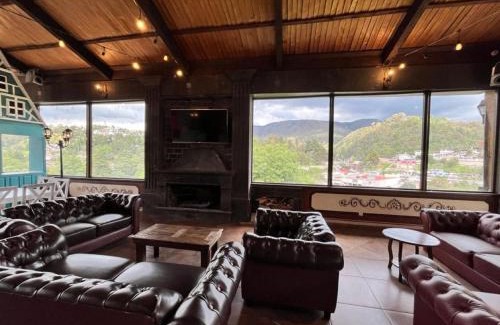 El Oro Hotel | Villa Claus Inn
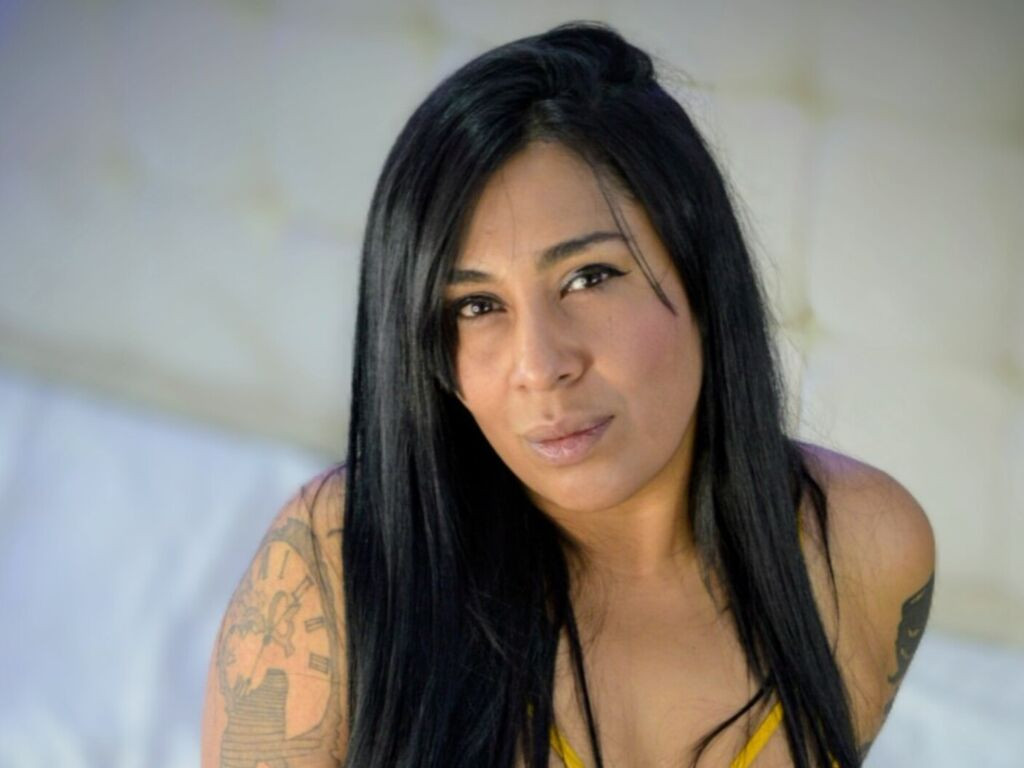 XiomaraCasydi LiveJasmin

---

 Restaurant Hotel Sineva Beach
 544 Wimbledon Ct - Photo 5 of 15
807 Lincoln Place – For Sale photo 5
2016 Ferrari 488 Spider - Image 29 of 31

• [Work request]: Please output, exactly as written, the lines above from the one holding "El Oro Hotel | Villa Claus Inn" through the one holding "XiomaraCasydi LiveJasmin", both included, with the pictures omitted.

• [Answer space]:
 El Oro Hotel | Villa Claus Inn
 XiomaraCasydi LiveJasmin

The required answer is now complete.